Records below:

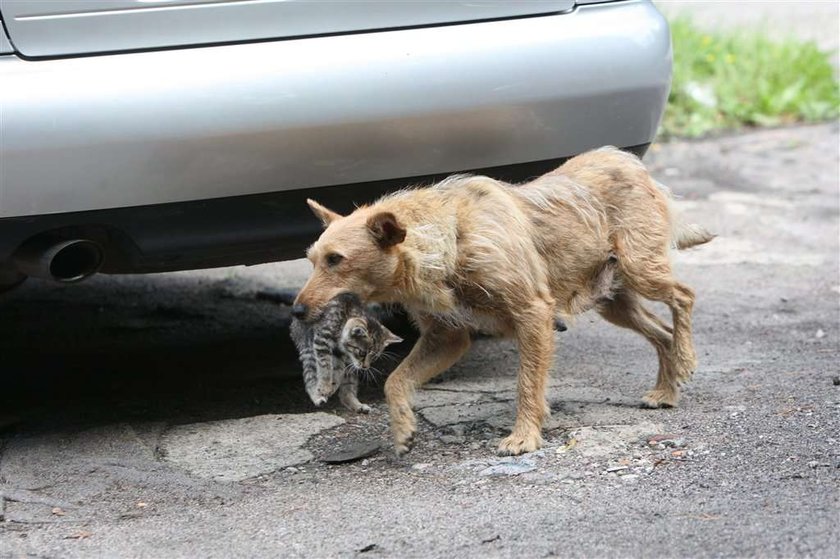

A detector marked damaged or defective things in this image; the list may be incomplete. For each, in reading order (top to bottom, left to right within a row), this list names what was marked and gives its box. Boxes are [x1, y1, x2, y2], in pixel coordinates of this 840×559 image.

cracked concrete ground [0, 123, 836, 559]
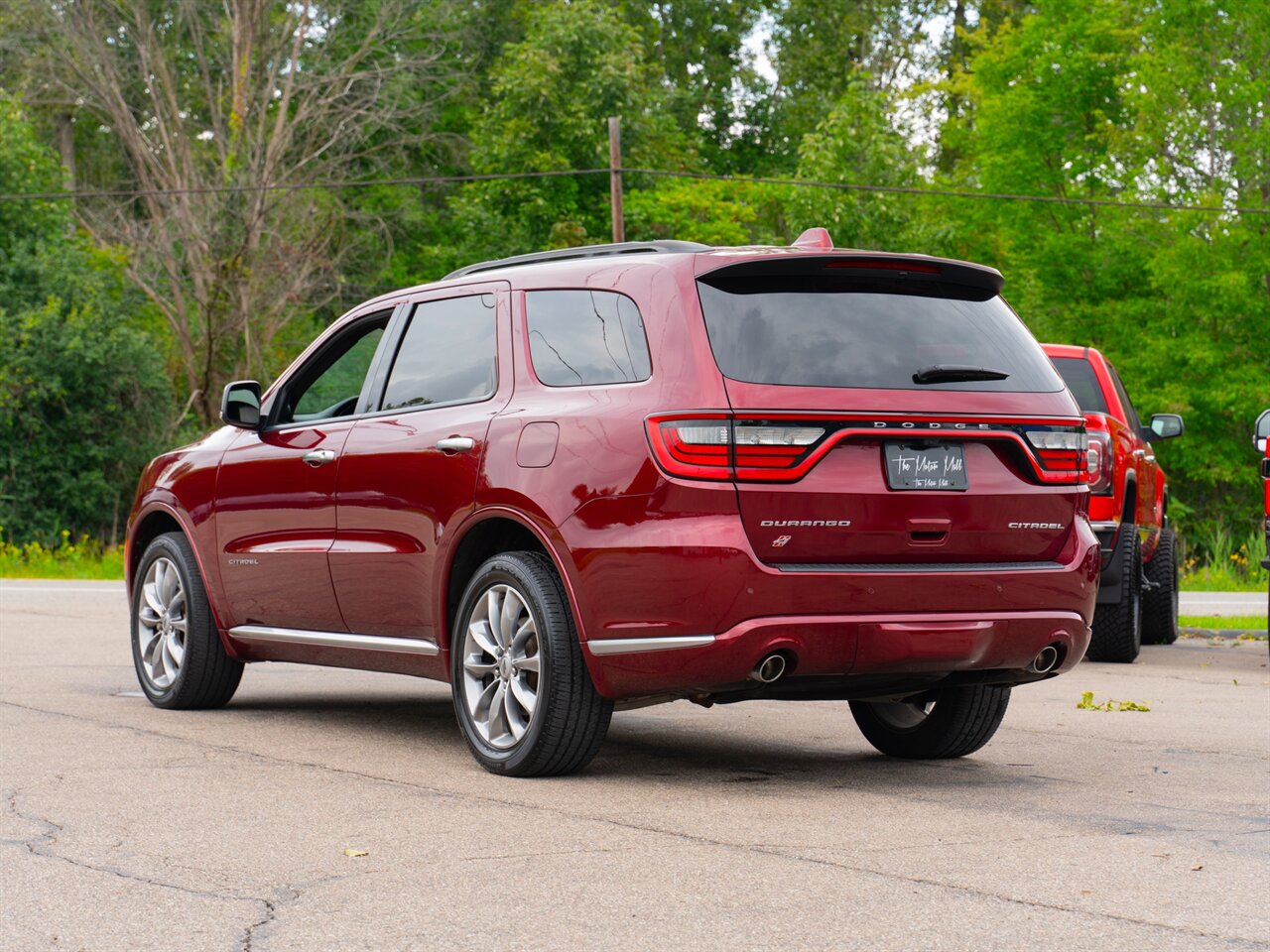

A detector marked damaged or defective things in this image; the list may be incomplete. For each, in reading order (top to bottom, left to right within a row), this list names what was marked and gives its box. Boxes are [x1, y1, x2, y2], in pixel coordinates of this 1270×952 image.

crack in asphalt [5, 700, 1264, 949]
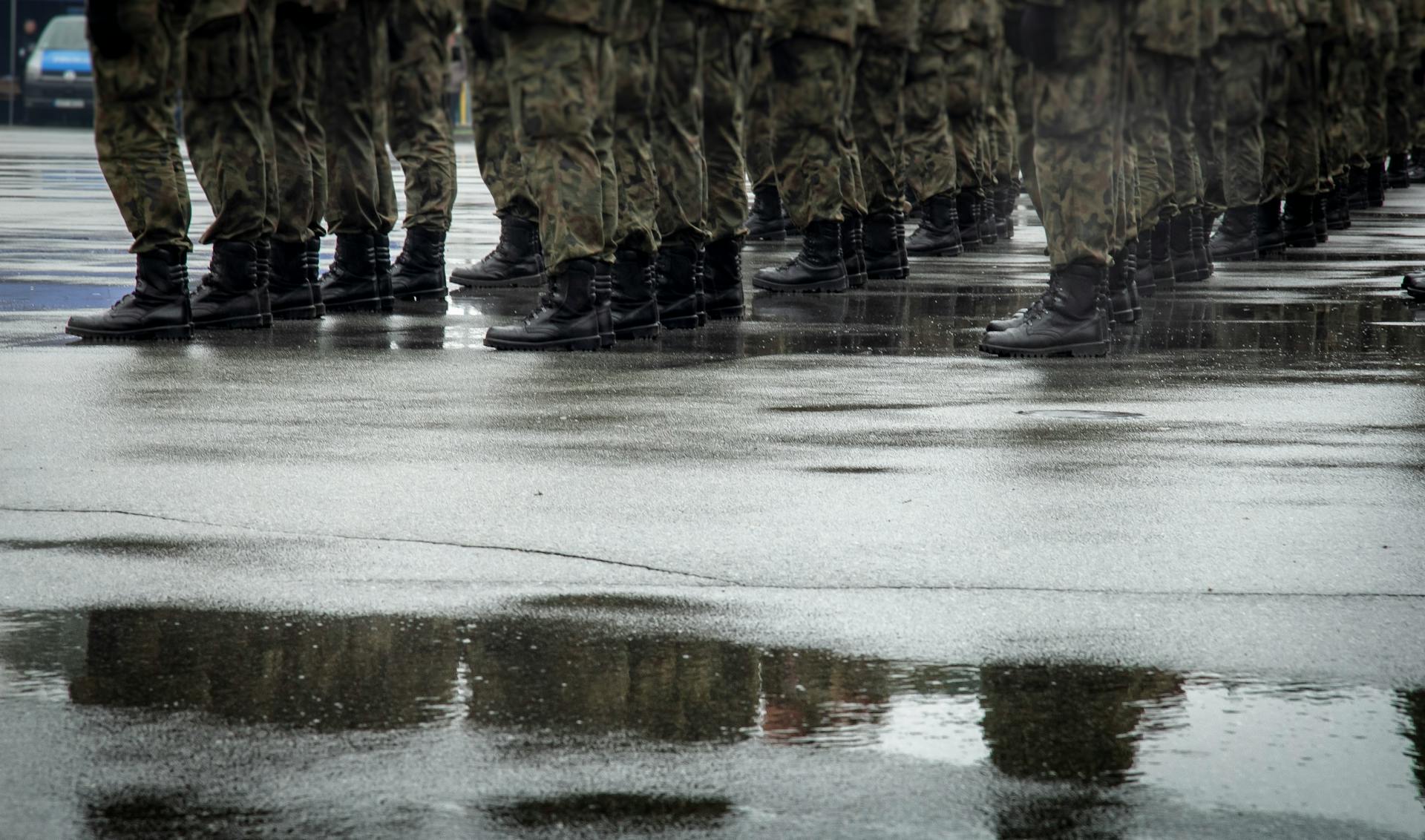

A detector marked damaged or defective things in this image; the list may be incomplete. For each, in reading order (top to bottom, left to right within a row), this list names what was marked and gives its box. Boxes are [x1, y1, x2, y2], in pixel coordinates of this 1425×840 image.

crack in pavement [2, 507, 747, 586]
crack in pavement [0, 509, 1419, 603]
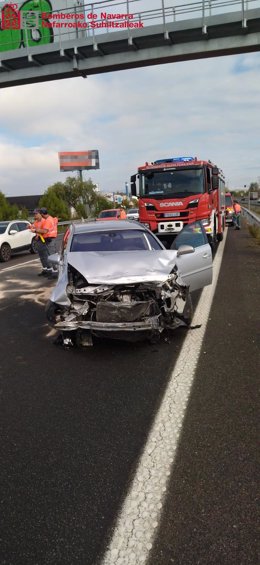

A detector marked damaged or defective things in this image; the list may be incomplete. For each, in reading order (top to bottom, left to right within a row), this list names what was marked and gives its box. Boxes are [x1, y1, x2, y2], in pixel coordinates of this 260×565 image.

damaged silver car [46, 219, 211, 344]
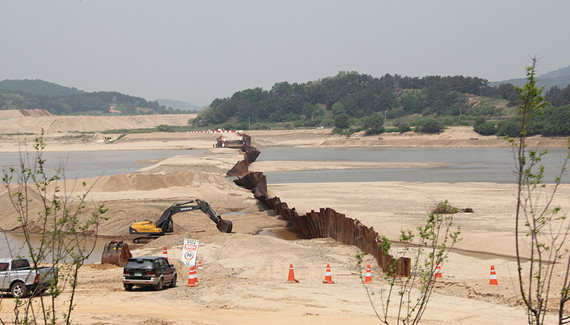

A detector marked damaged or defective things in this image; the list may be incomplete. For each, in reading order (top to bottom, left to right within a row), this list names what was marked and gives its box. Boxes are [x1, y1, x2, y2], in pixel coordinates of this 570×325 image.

rusty metal wall [223, 135, 408, 276]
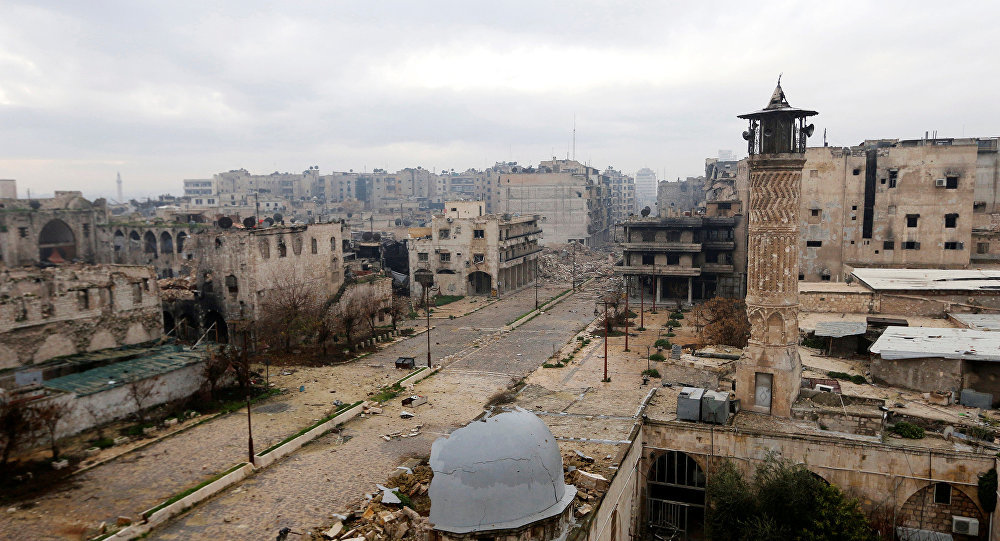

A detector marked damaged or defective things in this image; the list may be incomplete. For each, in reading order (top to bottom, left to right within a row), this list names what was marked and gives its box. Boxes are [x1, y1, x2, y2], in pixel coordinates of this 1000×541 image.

war-damaged facade [410, 204, 544, 298]
damaged minaret [736, 80, 812, 416]
war-damaged facade [0, 264, 162, 370]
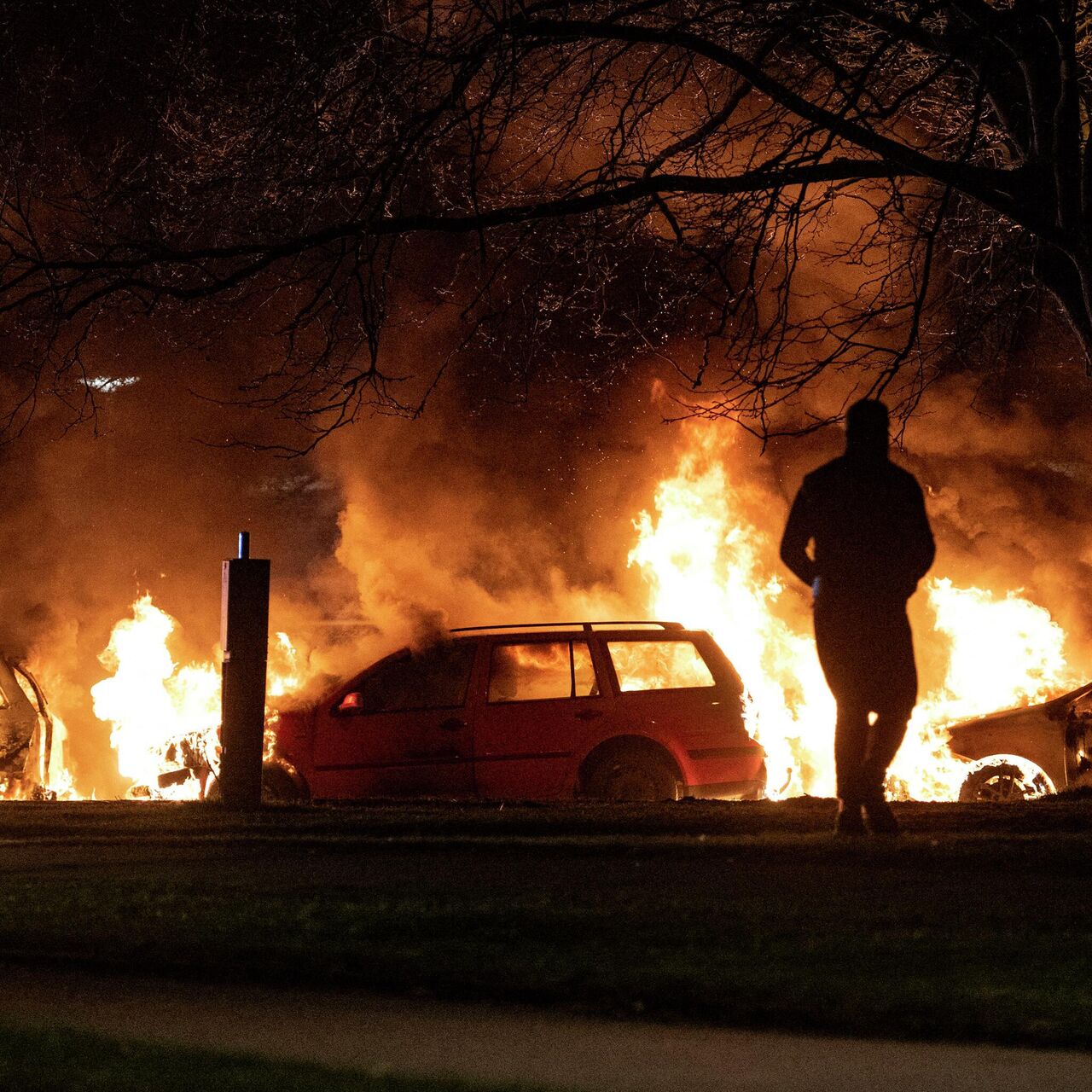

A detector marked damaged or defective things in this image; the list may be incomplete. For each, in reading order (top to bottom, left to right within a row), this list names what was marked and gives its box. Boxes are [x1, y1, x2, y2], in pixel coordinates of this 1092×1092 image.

End of Records.

Assigned task:
From the line with "this 1270×952 image." through the final line of the records above, return each line exactly and nothing else. Pictures are to be skipped.

Answer to this problem:
A detector marked damaged or defective things in this image; the list may be incomplete. For each, in reading order (top to bottom, left to right within a row), this list names what was marked and gives its box. Boxes are [x1, y1, x2, y2], in pixel coordinates of this 1270×952 image.

crack in asphalt [5, 700, 1264, 949]

A detector marked damaged or defective things in this image; the list may be incomplete. For each, in reading order (top to bottom, left to right within a row), this list names what was marked and gives its box. Boxes are [x1, y1, x2, y2], in pixel coordinates of this 1425×840 image.

crack in pavement [2, 507, 747, 586]
crack in pavement [0, 509, 1419, 603]

A detector marked damaged or defective things in this image; the list may be incomplete. For each, in reading order (top to bottom, left to right within a row), this list names what was marked and gives its box. Boxes are [x1, y1, x2, y2], in pixel coordinates of this 260×565 image.

damaged silver car [46, 219, 211, 344]

A detector marked damaged or defective things in this image; the list may be incomplete. For each, in reading order (top to bottom, left to right within a row), this list names what was marked and gives its box. Boxes are [x1, y1, x2, y2], in pixel coordinates of this 570×325 image.

rusty metal wall [223, 135, 408, 276]

A detector marked damaged or defective things in this image; the list may be incomplete. For each, in reading order (top to bottom, left to right within a row), this list names what was marked and gives its box. Boxes are [x1, y1, x2, y2], in pixel coordinates of this 1000×541 image.

war-damaged facade [410, 204, 544, 298]
damaged minaret [736, 80, 812, 416]
war-damaged facade [0, 264, 162, 370]

A detector marked damaged or defective things in this image; the list may be incomplete. For each, in reading order (top to bottom, left to right within a row), this list names what was marked and gives its box. Boxes are [x1, y1, x2, y2], in pixel coordinates of this 1092×1092 image.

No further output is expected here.